• Exercise prompt
Output nothing but the lines from the one holding "The homeroom button" to the end of the listing. Reproduce them exactly, without the pictures.

• Available data
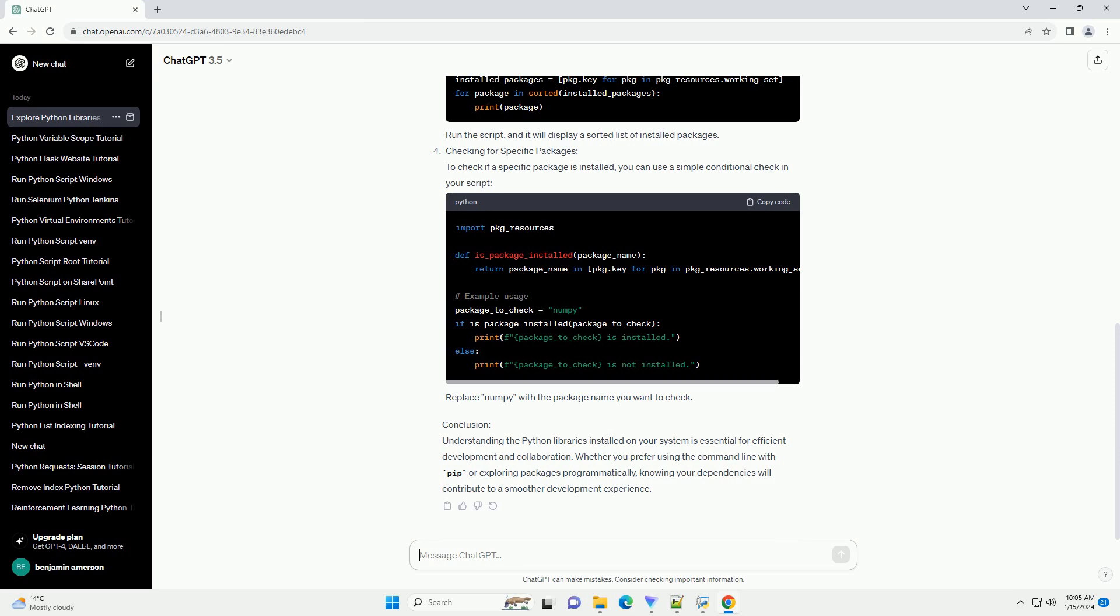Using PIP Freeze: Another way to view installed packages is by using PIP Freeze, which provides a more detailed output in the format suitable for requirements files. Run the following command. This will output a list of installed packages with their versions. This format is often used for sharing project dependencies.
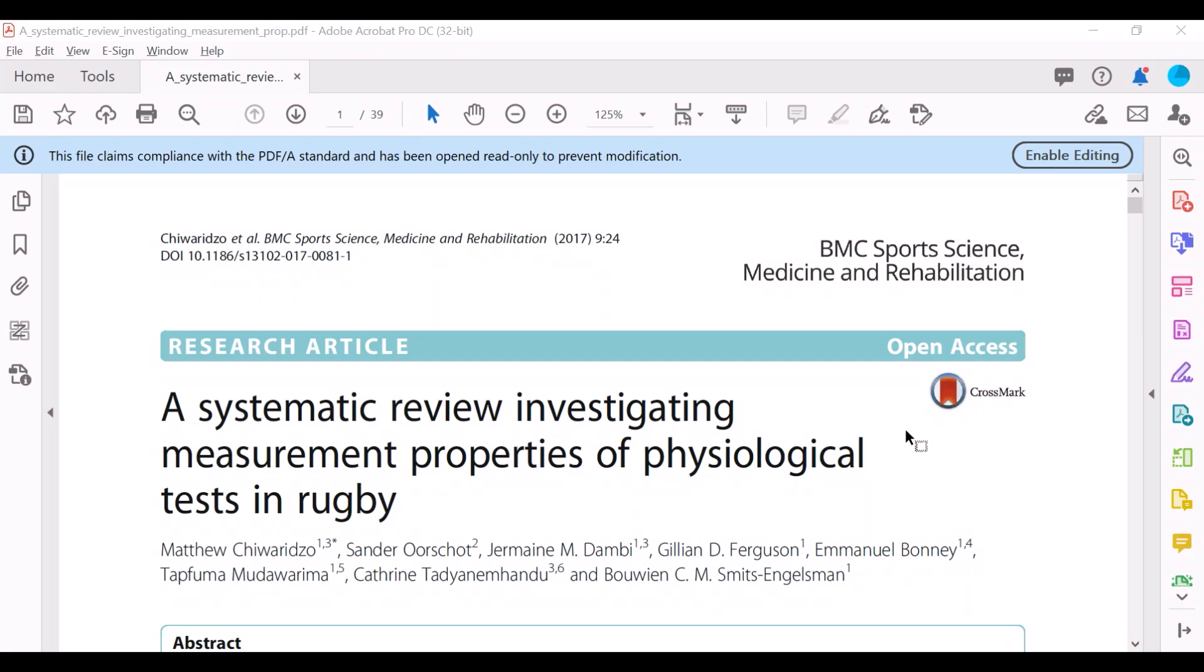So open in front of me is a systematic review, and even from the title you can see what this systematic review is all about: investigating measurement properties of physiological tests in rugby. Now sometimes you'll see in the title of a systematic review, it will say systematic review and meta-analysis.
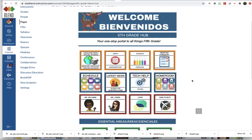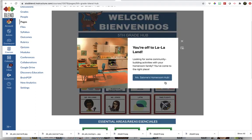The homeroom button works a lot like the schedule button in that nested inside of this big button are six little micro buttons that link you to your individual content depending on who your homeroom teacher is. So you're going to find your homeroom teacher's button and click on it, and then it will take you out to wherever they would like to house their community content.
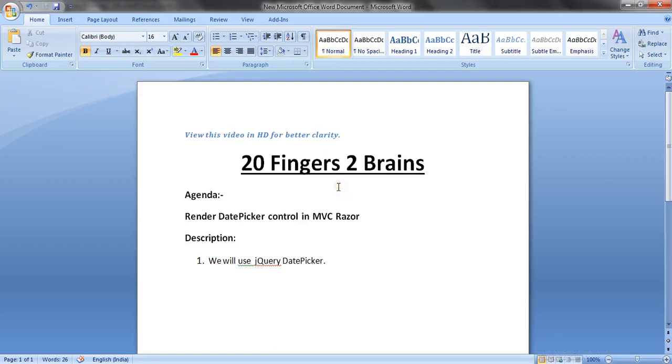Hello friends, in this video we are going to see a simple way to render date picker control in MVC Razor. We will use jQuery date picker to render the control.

• Task solution
The homeroom button works a lot like the schedule button in that nested inside of this big button are six little micro buttons that link you to your individual content depending on who your homeroom teacher is. So you're going to find your homeroom teacher's button and click on it, and then it will take you out to wherever they would like to house their community content.
Hello friends, in this video we are going to see a simple way to render date picker control in MVC Razor. We will use jQuery date picker to render the control.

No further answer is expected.